USD/JPY pair hit a symbolic level. What do analysts say?

USD/JPY pair hit the symbolic level. What do analysts say?


The U.S. dollar reached the crucial level of 150 yen for the first time since 1990 today. The struggling Japanese yen briefly plunged past 150 per greenback in early European trading. It exchanged hands at 149.7 yen per USD at last. The Japanese currency has been losing steadily for 11 consecutive sessions. Moreover, it has suffered 32-year lows for six straight sessions now.

On the other hand, Treasury yields skyrocketed to multi-year highs, bolstering the already rallying greenback. Markets are waiting for intervention from the Japanese government now, as the latter promised to support its currency if the Yen continued its losing streak.

Takumi Tsunoda, the senior economist at Shinkin Central Bank Research Institute in Tokyo, noted that until the investors remain unclear about the size of the next U.S. interest rate hike, the greenback's strength won't subside. Tsunoda also added that 150 was a passing point, and traders are now waiting to see if the pair tops 160.

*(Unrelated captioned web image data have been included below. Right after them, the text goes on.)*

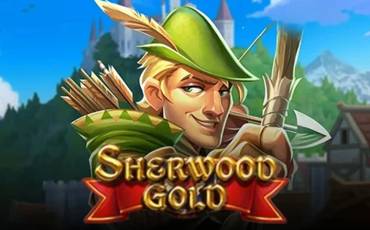 Sherwood Gold slot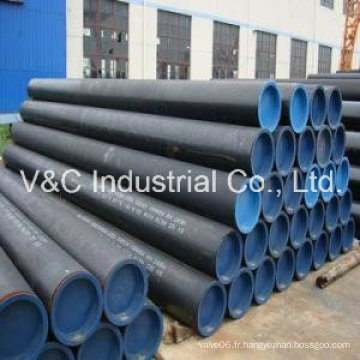 Top Sales Carbon Steel Seamless Pipe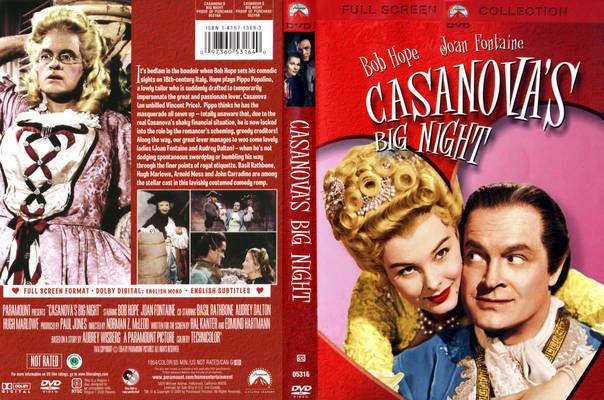 Casanova's Big Night wwwfreecoversnetpreview01ebdd9c970916d0895536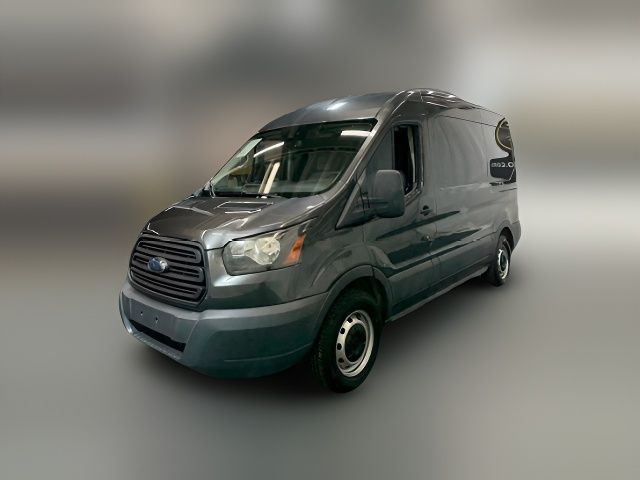 2017 Ford Transit Base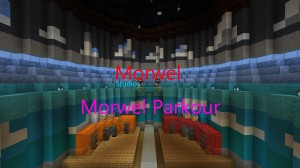 Download Morwel Parkour for Minecraft 1.16.2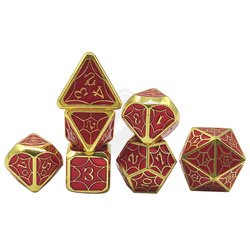 Red+Gold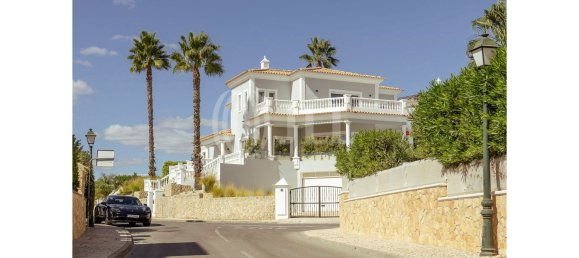 5 chambres Villa à Almancil, Portugal No. 125972 42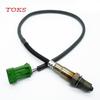 0258010081 Lamda Oxygen Sensor for Peugeot 207 308 408 5008 508 RCZ 1.4l 1.6l Engine Code EP3 EP6 EP6DT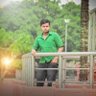 Фото профиля Saurabh Gupta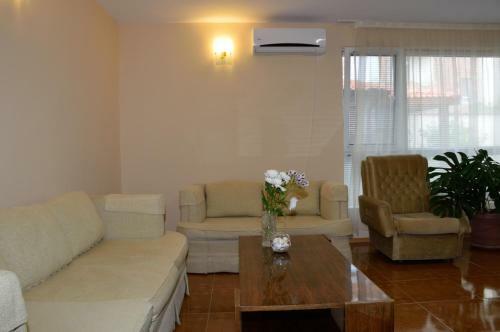 Hostal Villa Diana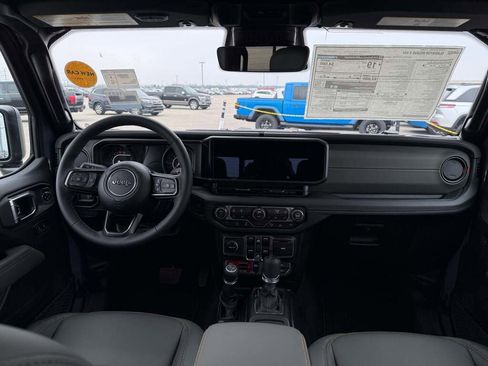 New 2026 Jeep Gladiator Mojave image 27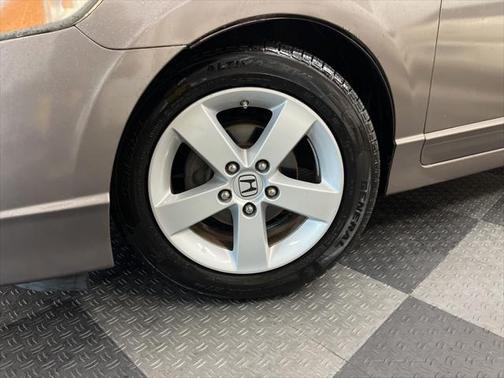 2010 Honda Civic LX-S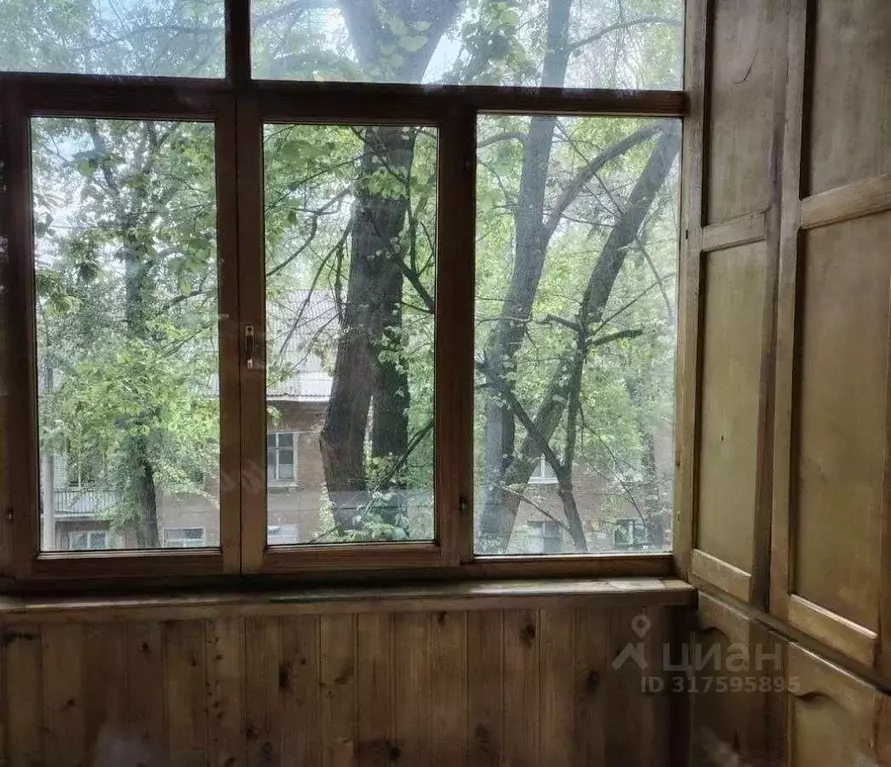 1-к кв. Самарская область, Самара Каховская ул., 73 (33.0 м) - Фото 1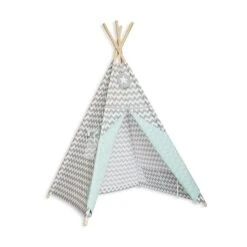 Teepee Tent - Fresh Mint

On Thursday, the benchmark U.S. 10-year Treasury yield surged forward to 4.18%, hitting its highest level since 2008. At the same time, the two-year Treasury yields skyrocketed to a 15-year peak of 4.614%. This news boosted both the U.S. yields and the dollar higher, and the already declining yen was no match for the latter.

Market participants think the Federal Reserve will likely continue hiking interest rates. Inflation is still soaring in the United States, and the agency is determined to bring it down. However, the Japanese Yen is in the spotlight now, as well. Its government has already intervened recently to bolster the falling currency and may do that again.


What is the economists' forecast? 

Derek Halpenny, the head of research, global markets EMEA at MUFG, stated that the Ministry of Finance has been very clear that they would intervene in case of any disorderly price action. If the pair breaks clearly above 150, the markets may see some disorderly price action. The bank will probably act after that. However, it would take a sharp move in the USD/JPY pair to trigger another intervention.

Meanwhile, other major currencies were subdued during this session. The euro surged forward by 0.5% at $0.9826 today. It managed to recover some losses from the previous day. On the other hand, the British Pound remained weak due to turmoil in British politics.

The common currency gained 0.4% versus the Sterling. In Britain, the departure of the interior minister put more pressure on Prime Minister Liz Truss. ING analysts noted that political infighting and the uncertainty about the policy weigh on the Pound. As a result, the GBP/USD pair can drop to the bottom end of its 1.10-1.15 range. At last, the Sterling traded flat versus the greenback at $1.1231.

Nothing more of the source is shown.